Surely You Jest: Universe Edition

So, 10 or 20 billion years ago, mass, energy, time, and everything we know about emerged in the Big Bang. What was before or outside of that? The question is meaningless because time was part of what was created, and so was space - there is no "before" or "outside" as far as we are concerned.

Stuff expanded, and after a while, through processes that are not too mysterious, our sun and planet came onto the scene. At some point(s), matter on our planet, which of course was busy colliding and interacting and doing all of the things matter does when you shine the sun at it, happened to fall into a shape that was self-replicating. Naturally, once you start self-replicating, it's hard to stop, and stuff that is better at self-replicating will manage to incorporate more matter into itself than stuff that is less good at it.

Over time, these self-replicating bits got better and better at it through the addition of defensive barriers, the incorporation of other, smaller self-replicating bits, and so on, and after a very long while indeed, many of them were conglomerating together to build absolutely enormous machines to carry them around and help them replicate. (No, no, I don't mean hippie vans. That came later still.)

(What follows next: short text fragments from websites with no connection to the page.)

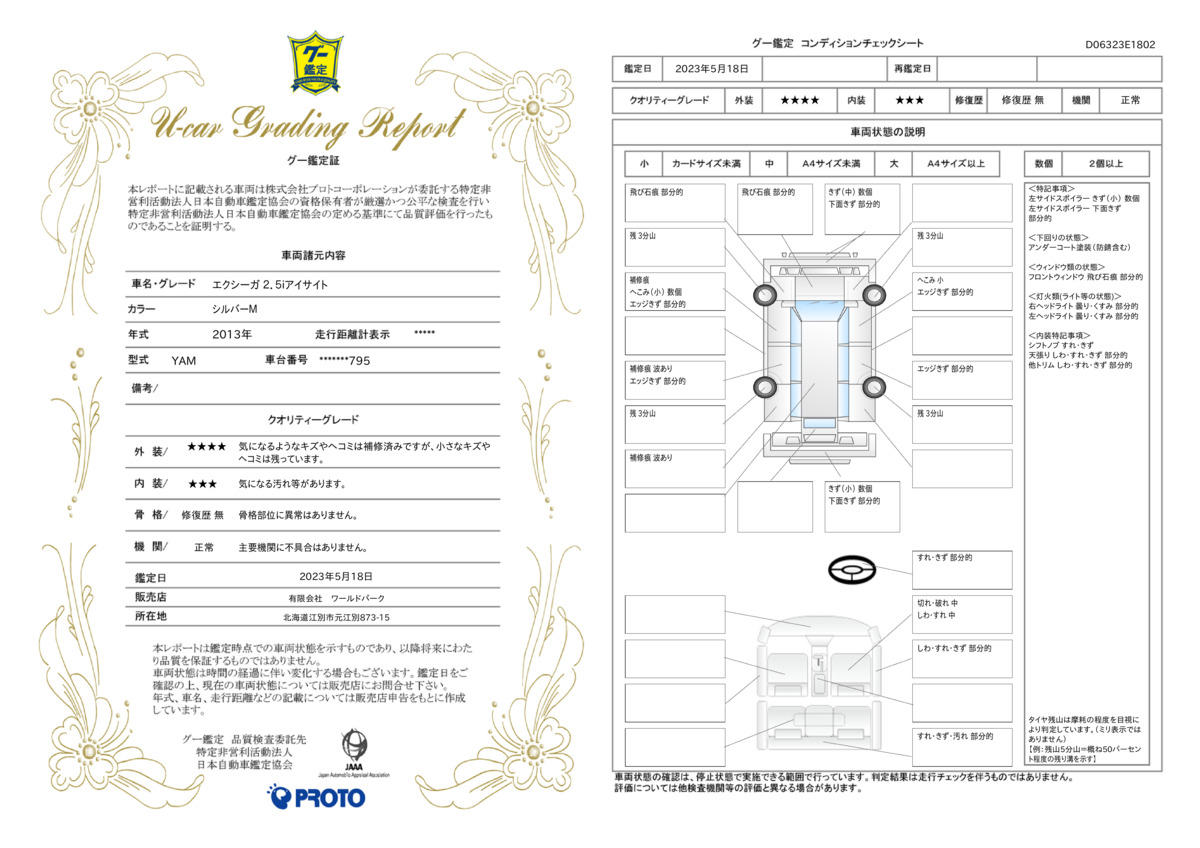 車両状態評価書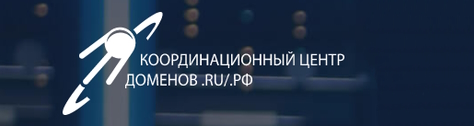 Координационный центр доментов RU/РФ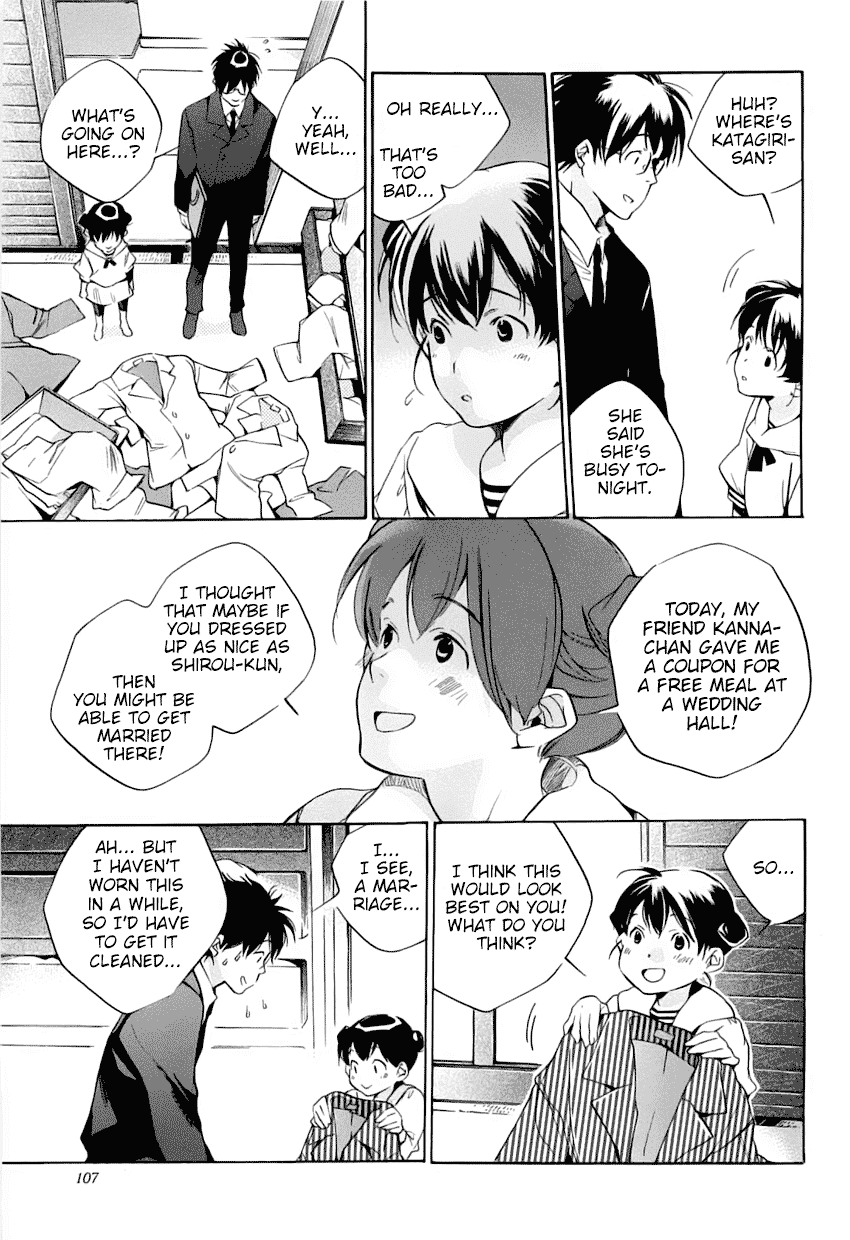 My Girl (SAHARA Mizu) Chapter 38 page 17 - Chapter 38: True Feelings and Feigned Strength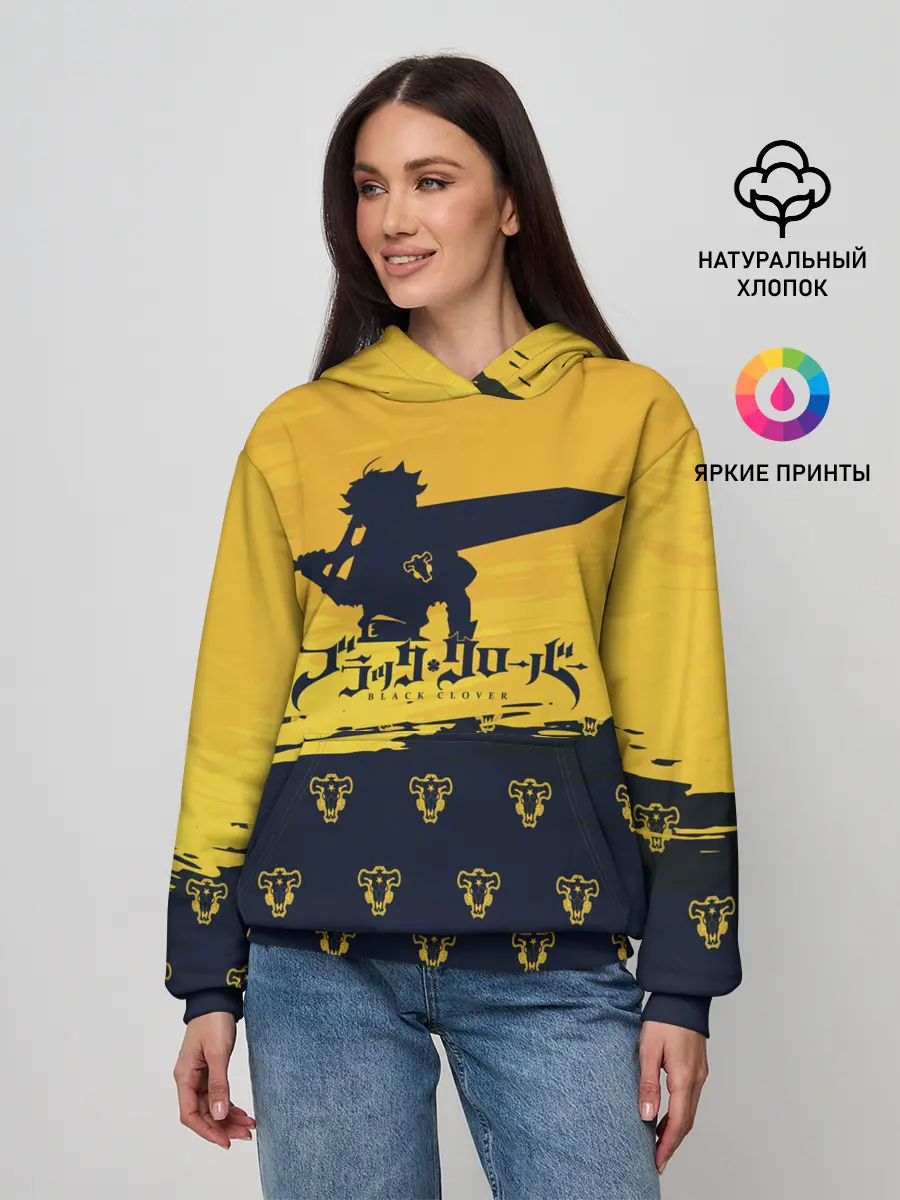 Женское худи / Чёрный клевер Аста желтый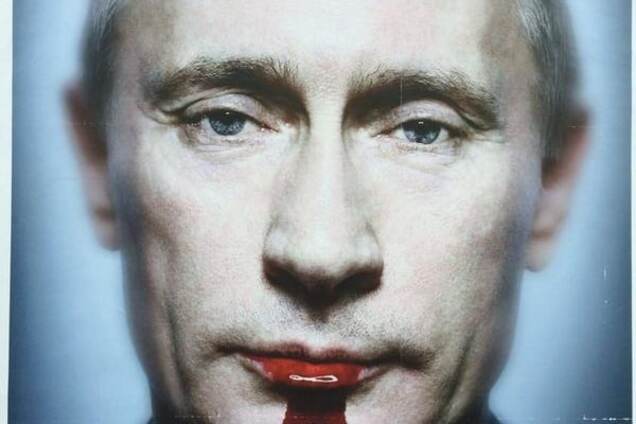 Путін 'інфікував' німецьких журналістів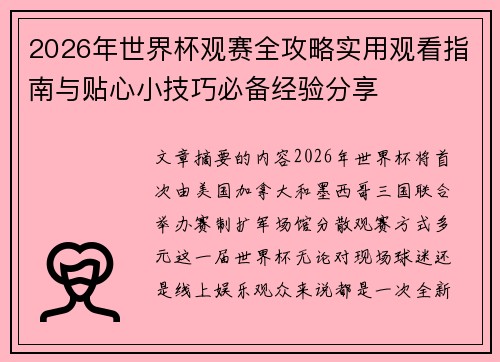 2026年世界杯观赛全攻略实用观看指南与贴心小技巧必备经验分享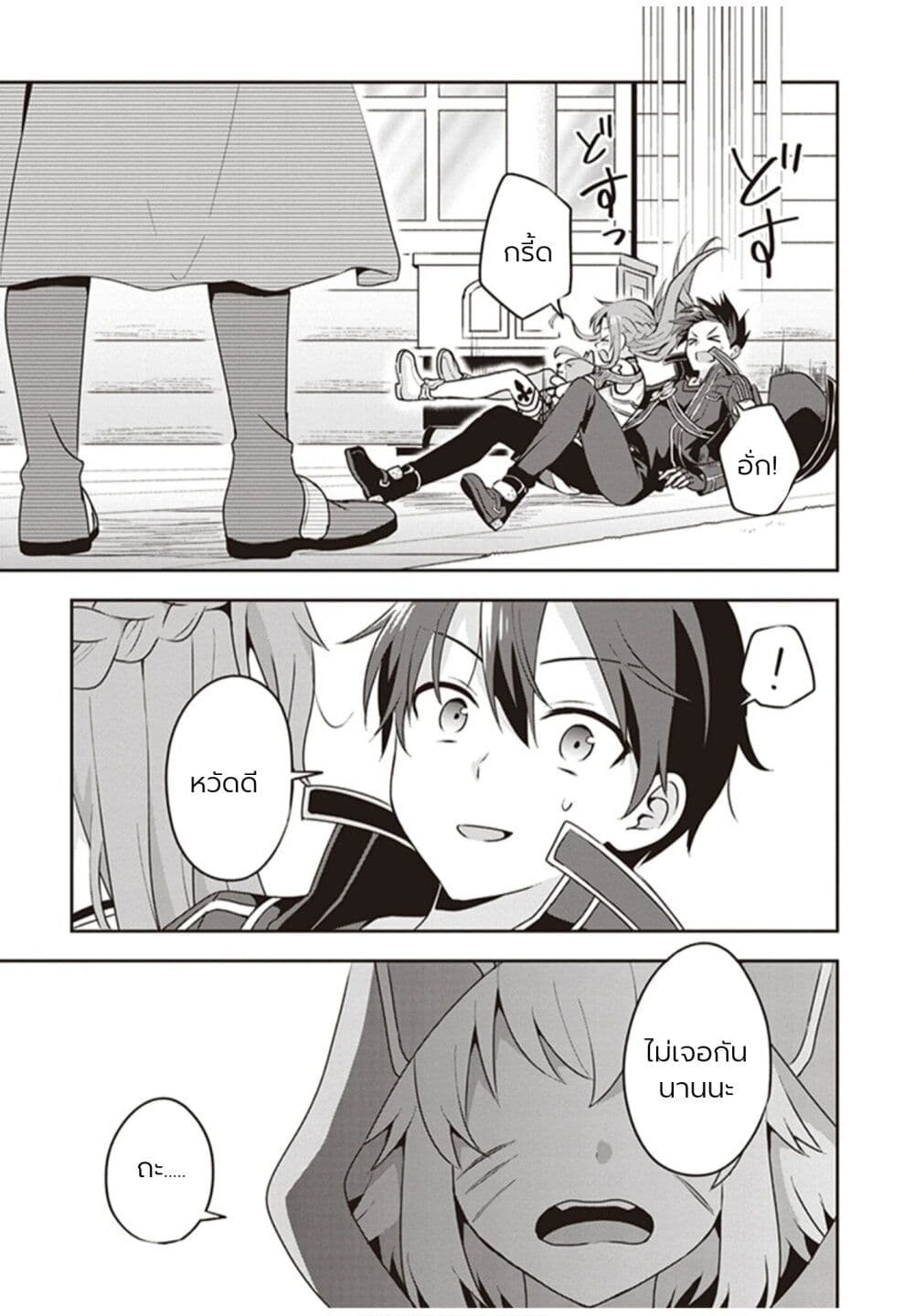 Sword Art Online: Kiss and Fly page 32
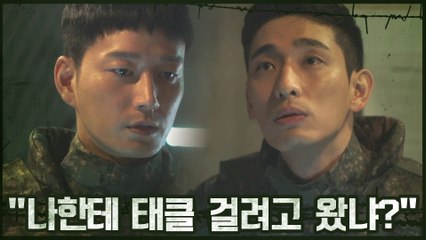 윤박-이현욱 또 다시 트러블 "너 나한테 태클 걸려고 온 거냐?"
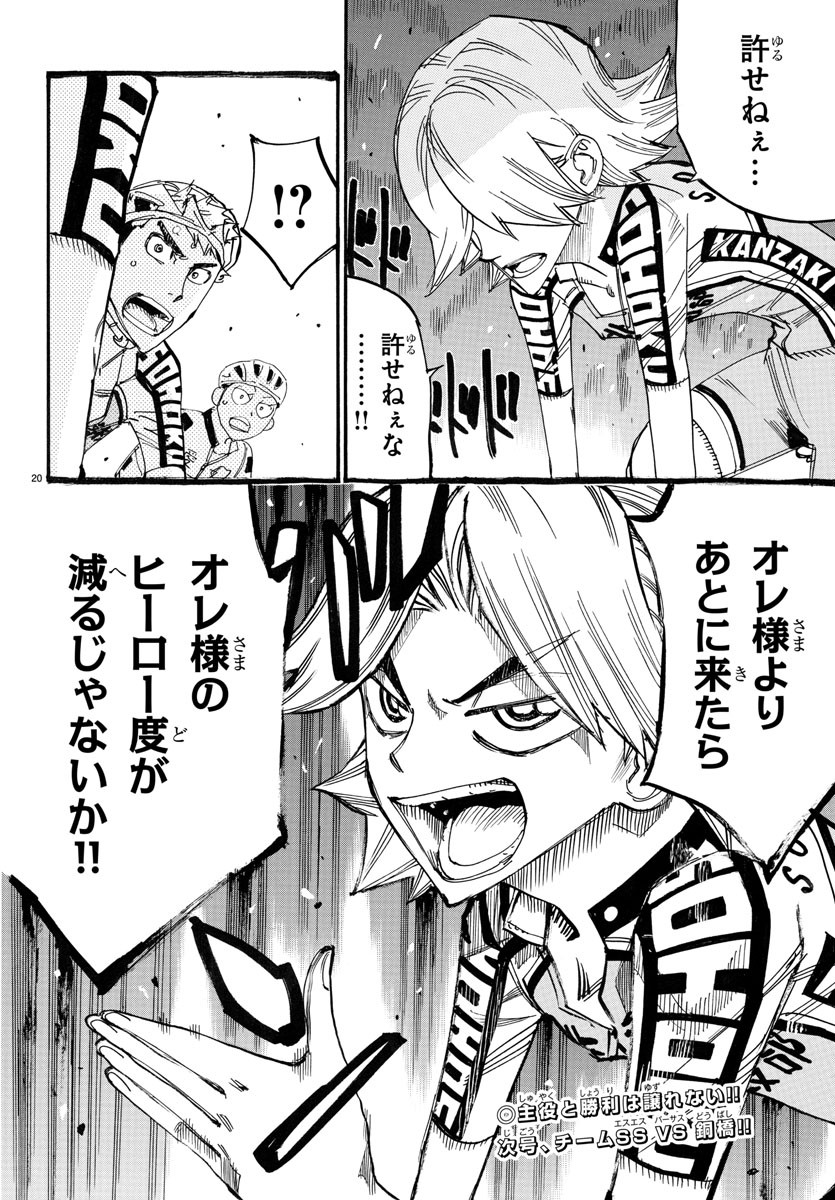 弱虫ペダル Chap 767 - Next Chap 768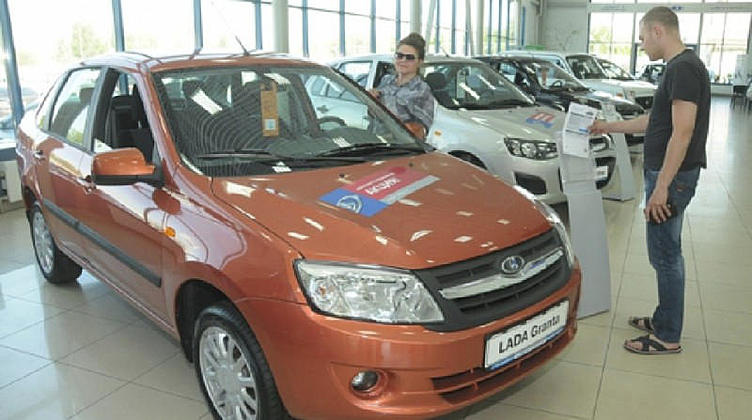 АВТОВАЗ реализовал по программе утилизации более 43,7 тысячи автомобилей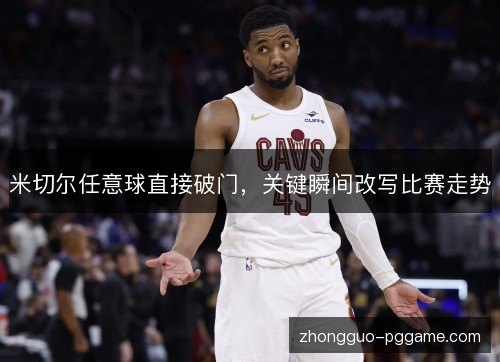 米切尔任意球直接破门，关键瞬间改写比赛走势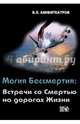 Магия Бессмертия: Встречи со смертью на дорогах жизни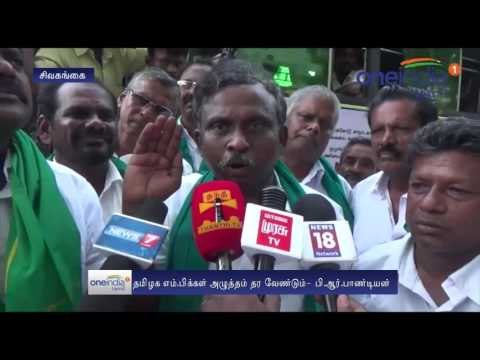 Cauvery issue: P.R.Pandian's public meeting campaign - Oneindia Tamil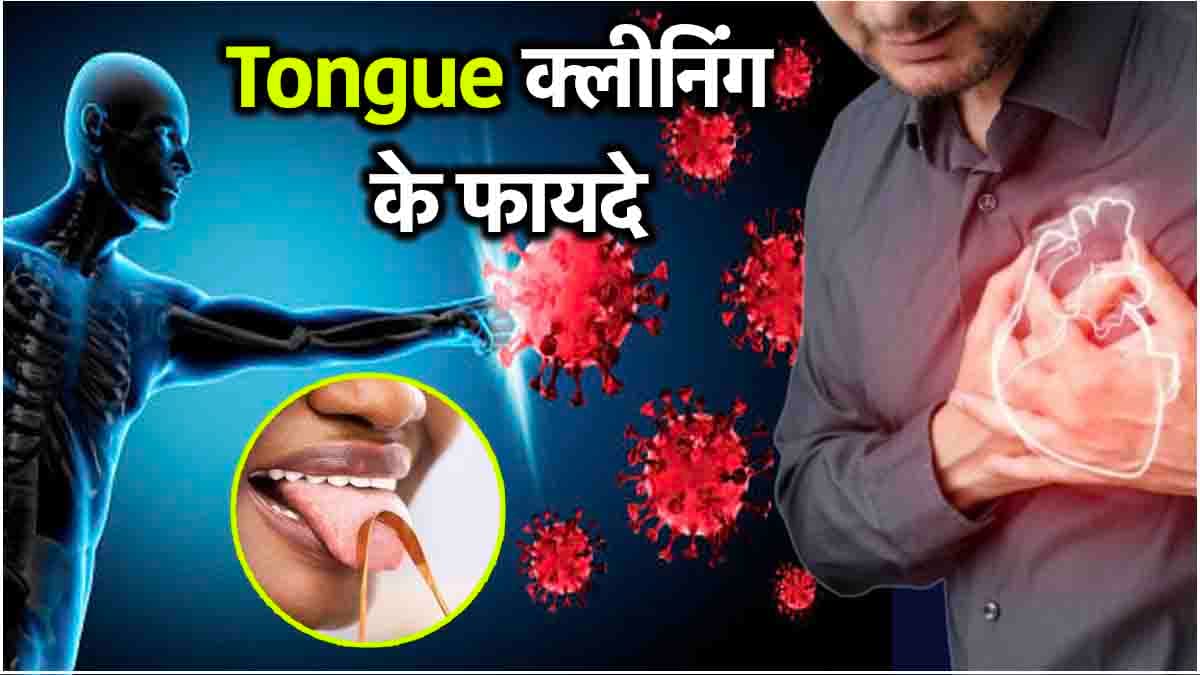 Health Tips: जीभ की सफाई न होने से किन बीमारियों का खतरा? जानें डॉक्टर से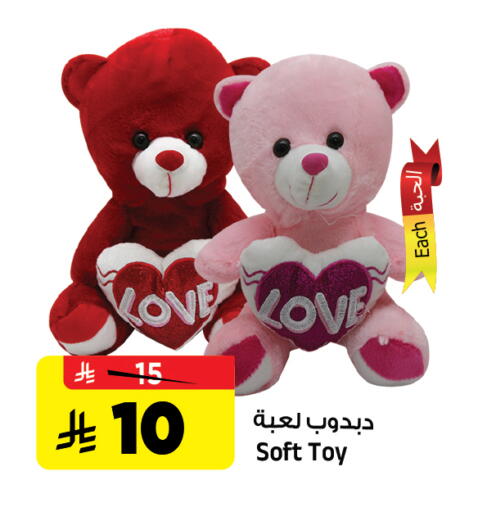available at Al Madina Hypermarket in KSA, Saudi Arabia, Saudi - Riyadh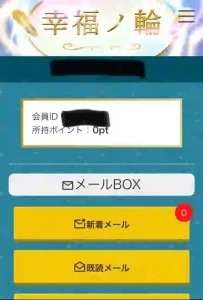 幸福ノ輪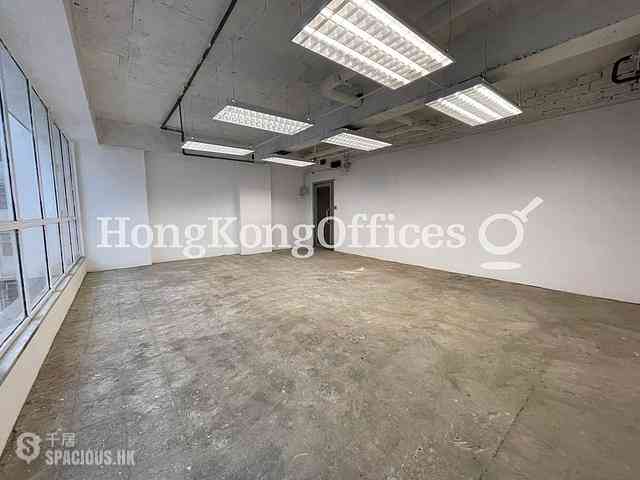 Wan Chai - East Town Building 02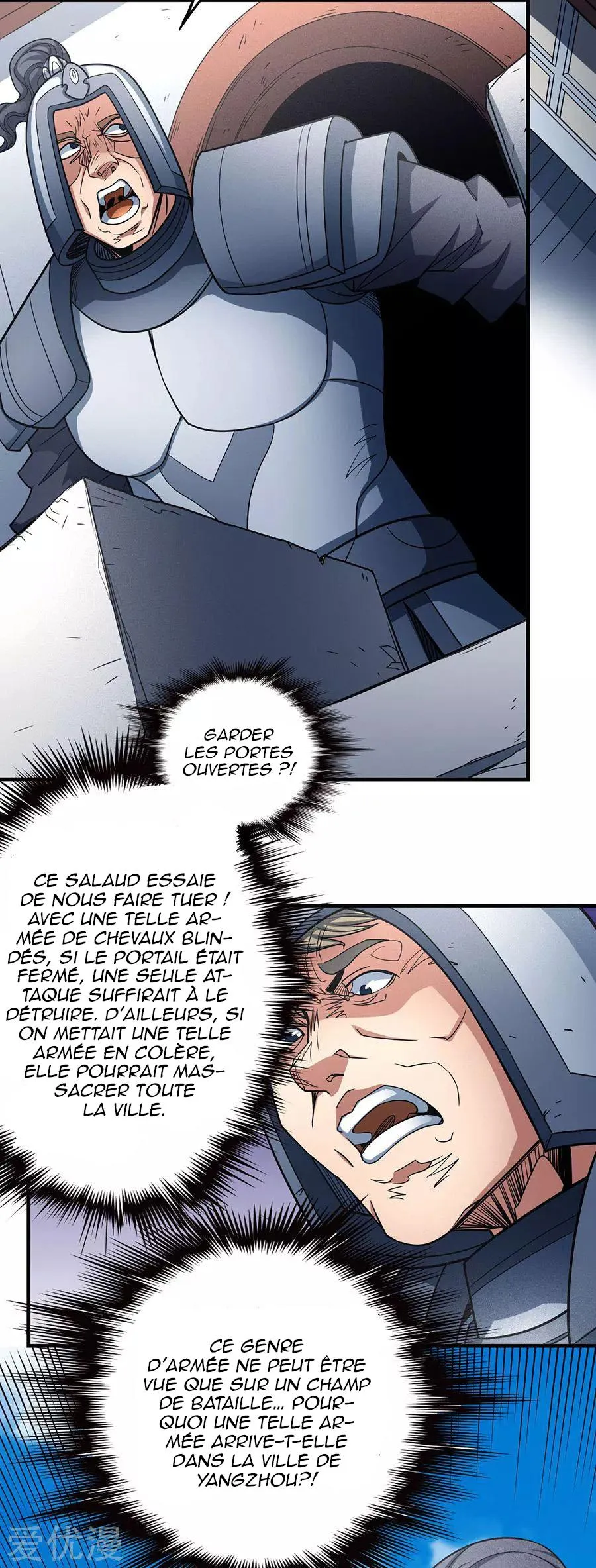 God Of Martial Arts - 112.2 - 65cf28715de8e.webp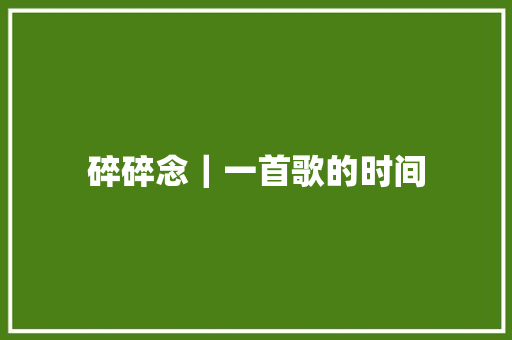 碎碎念｜一首歌的时间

Some of those replicating machines are us, humans. And because I am one of the humans I can testify that, somewhere along the line, some of the matter started to have subjective experiences. Now, if you think about it, that is just fucking weird. It's hard to even think how to describe subjective experience. If some cosmic overlord machine came along and demanded to know what the hell you were talking about, you'd have trouble being convincing. You start with, "You know how you, like, feel stuff inside? Like you can really tell you're there and stuff? Yeah, me too." If the machine didn't have that experience it wouldn't get it.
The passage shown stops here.